There are also three Onkyo surround sound systems, one for the new UHD TV, one in the master bedroom and one for the whole home sound system that’s connected to a pair of speakers in three rooms and the patio. The newest one, a UHD/4K compatible unit, needs a permanent Internet connection to access Internet radio stations and do software upgrades.
The growth of my networked devices over the years has prompted me to buy, over time, switches for the router/modem, the bedroom and the living room. Had I known then what I know now I would have put a 16 port Ethernet switch by the router/modem instead of an 8-port model and 8 port switches instead of 4-port switches in the living room and master bedroom. Like money, you can never have too many Ethernet ports and too much bandwidth.
Ethernet wireline was installed because MoCA and HomePlug were not then available at retail and G.hn was only a glint in an engineer’s brain. I have not tried the souped-up Wi-Fi that uses chips from Celeno and Quantenna because they are not available at retail.

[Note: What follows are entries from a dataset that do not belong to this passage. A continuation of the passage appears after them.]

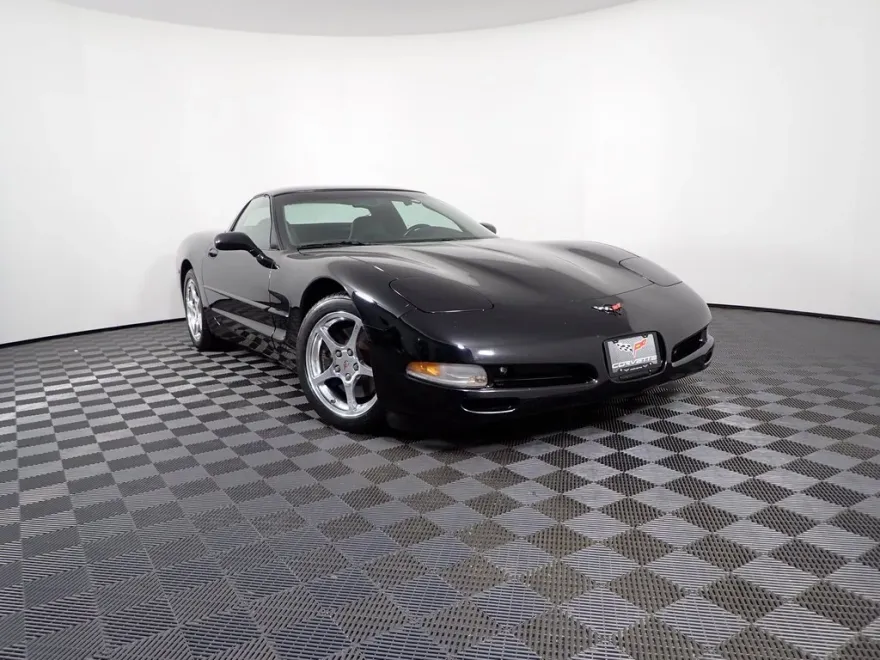 2001 Chevrolet Corvette photo 1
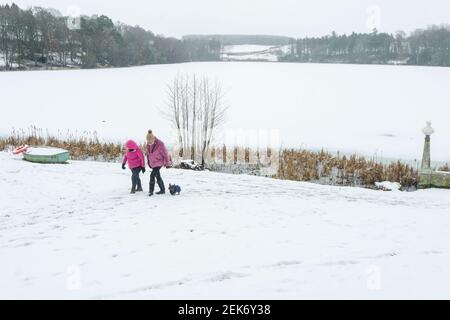 Der öffentliche Spaziergang um einen verschneiten Haining in Selkirk, da Teile von Schottland unter einer gelb-Met-Wetterwarnung für Schneefall in dieser Woche stehen. Kredit: Euan Cherry Stockfoto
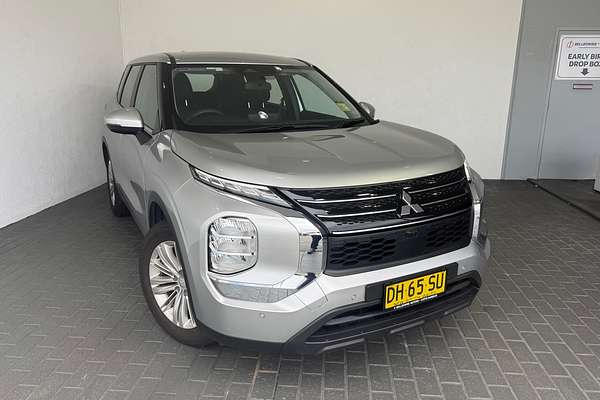 2023 Mitsubishi Outlander ES ZM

A coax network connects all my TV sets and TiVo, so technically speaking, my house has three networks: Ethernet, coax and Wi-Fi. It’s 2014, after all, and the world of entertainment has gone Internet — soon to be followed by education, health care, the Internet-of-Things plus personal monitoring and home surveillance.

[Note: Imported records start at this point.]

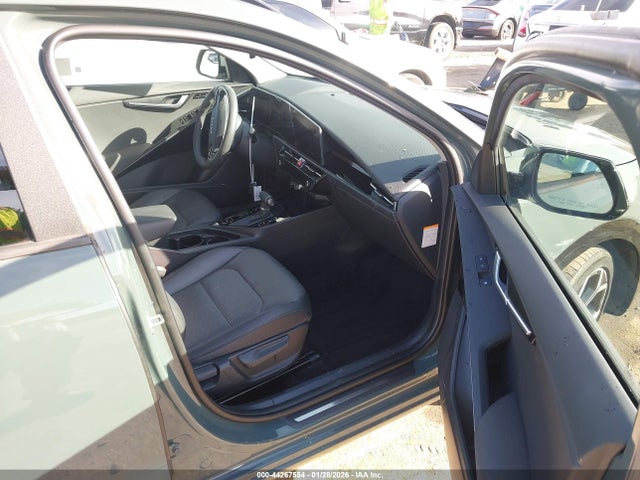 KNDCT3LE9S5217520 KIA Niro Sx Touring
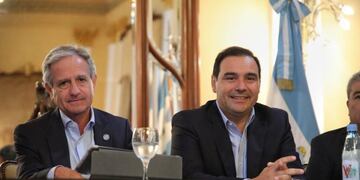 El vicejefe de Gabinete y secretario de Modernización de Andrés Ibarra junto al gobernador Gustavo Valdés anunciaron un convenio con Arsat\u002E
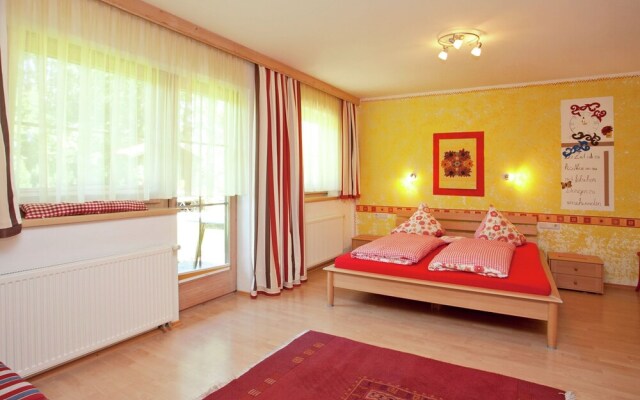 Cozy Couple or Group Chalet in Fgenberg Near Ski Slopes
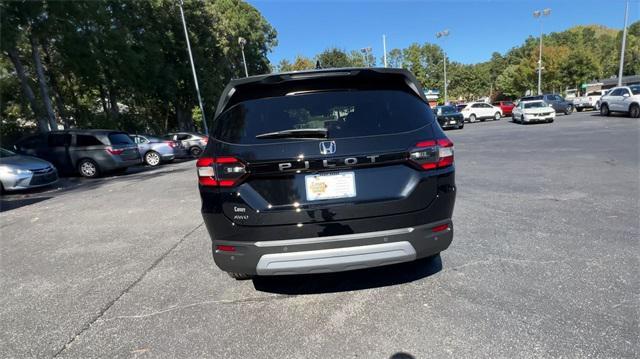 new 2025 Honda Pilot car, priced at $45,990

It’s true that because of my work at The Online Reporter, my home is a bit of an oddity but only by being a bit ahead of where most homes will be in a few years. I’ll bet that by the end of the decade most middle-class homes and above will be more like mine than not. I know that when I show off my network and devices to guests, most say that is exactly what they want. And most installers that come to connect a new device, such as the recently purchased UHD set, look relieved to find it’s easily connected to a wireline Ethernet network. In fact, many installers say that most of the problems they have when installing comes from having only Wi-Fi available, even if is the new 11ac version of Wi-Fi, which I also have. In fact, because of the layout and construction of my home, three Wi-Fi routers were needed, one of which has the 11ac version of Wi-Fi.
A wireline network also means never having to say you’re sorry on a tech support phone call. The first thing most tech support people ask when you call about a problem is whether you’re using Wi-Fi.
You can’t beat wireline for home networking and as the home’s backbone for Wi-Fi.
Wireline Networking Is as Good as Advertised
By Charles Hall
More readers emailed than usual about last week’s article “The Case for Wireline Home Networks.” From repeated personal experiences, I can say that equipment installers and tech support people love to hear the words, “There’s a wired connection there for that that’s connected to the broadband modem.” I have zero bandwidth problems, except occasionally to the house — even though I’m paying for 50 Mbps — but never in the house. I know because of ASSIA’s Cloudcheck iPad app, which measures both broadband and home networking speeds. Once you have a UHD TV, the first thing you do when you sit down to watch some entertaining TV is to look for UHD shows. The wireline network means always having the bandwidth to stream multiple UHD videos.